(Beginning of Records)

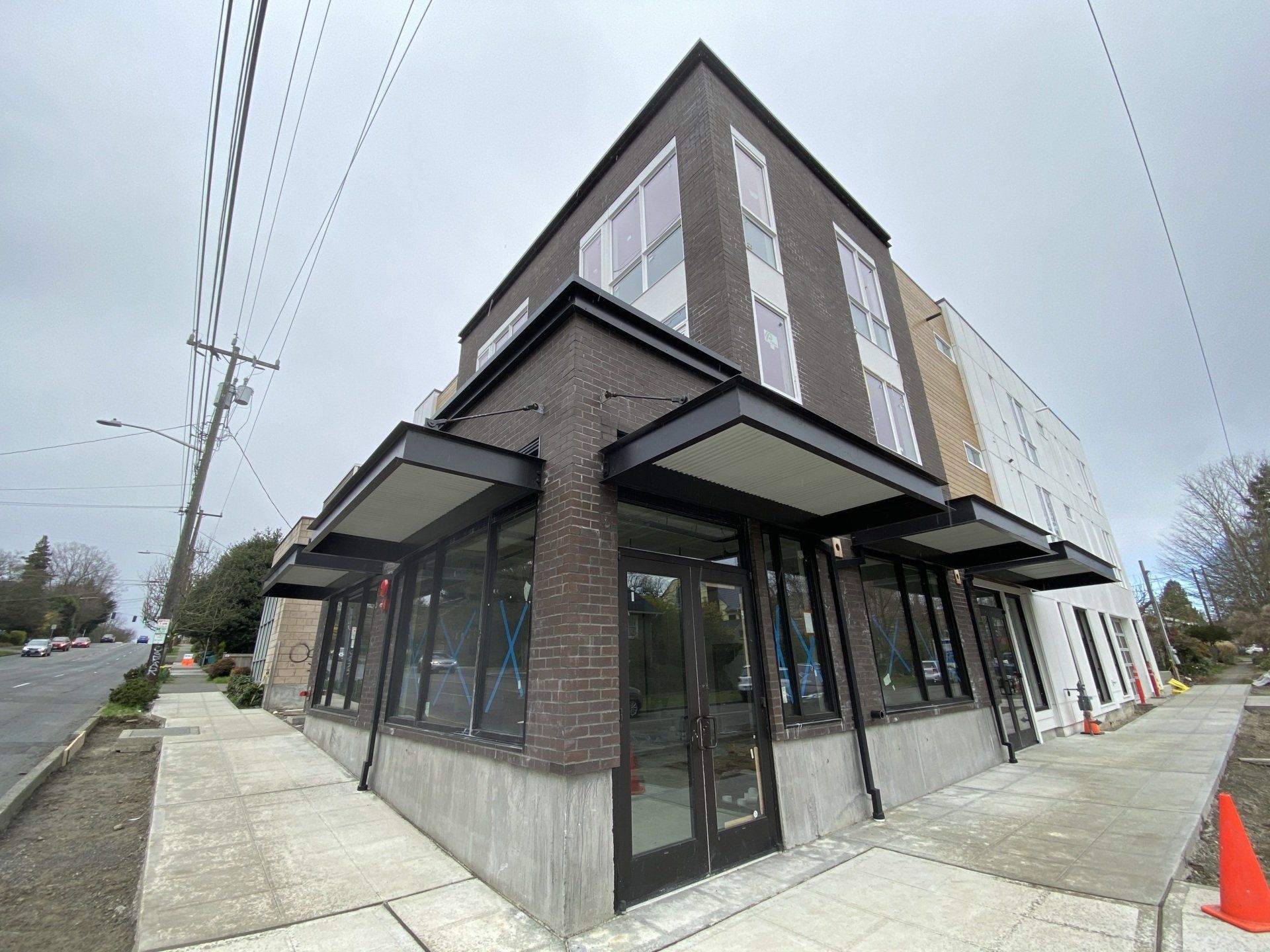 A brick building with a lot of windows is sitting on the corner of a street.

(End of Records)
(Beginning of Records)

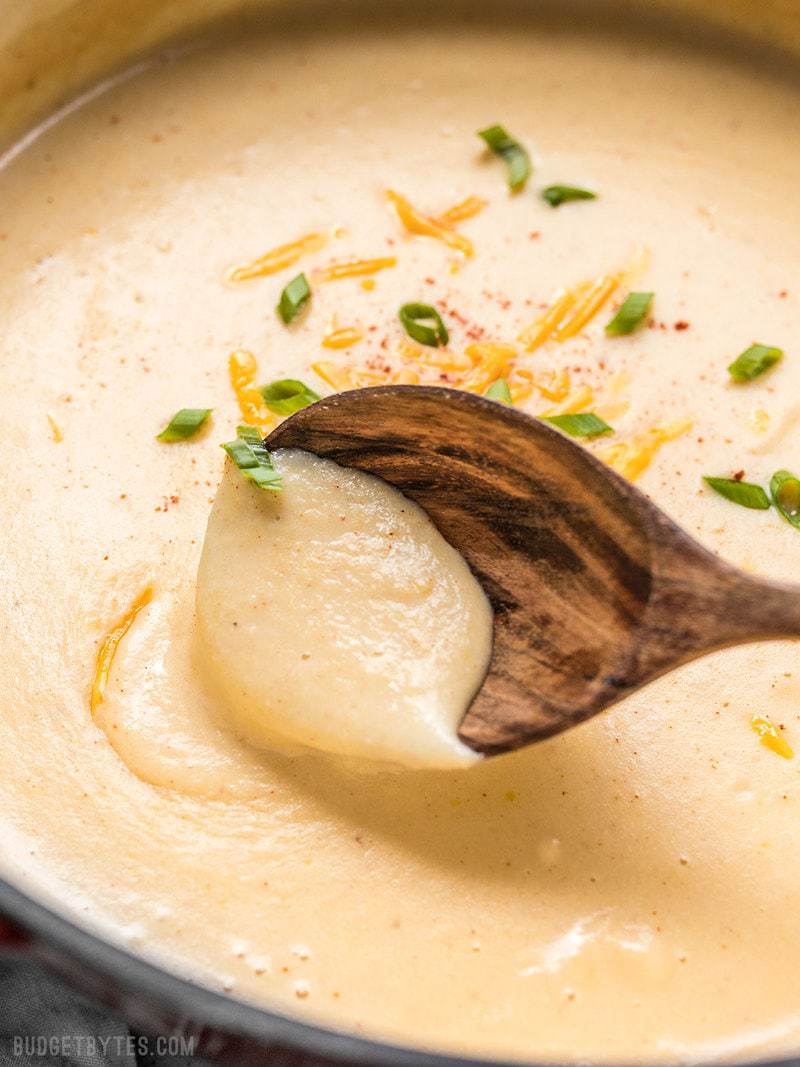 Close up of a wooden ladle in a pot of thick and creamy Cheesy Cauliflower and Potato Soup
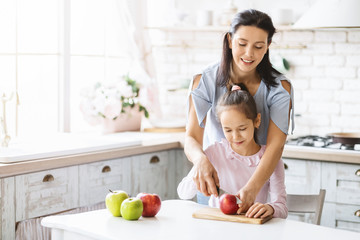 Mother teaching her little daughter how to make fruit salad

(End of Records)

> **Required action**: Starting at the line containing "Close up of" and stopping at the line containing "Mother teaching her", output each line exactly as it appears above. Leave out the pictures.

> **Completed exercise**:
 Close up of a wooden ladle in a pot of thick and creamy Cheesy Cauliflower and Potato Soup
 Mother teaching her little daughter how to make fruit salad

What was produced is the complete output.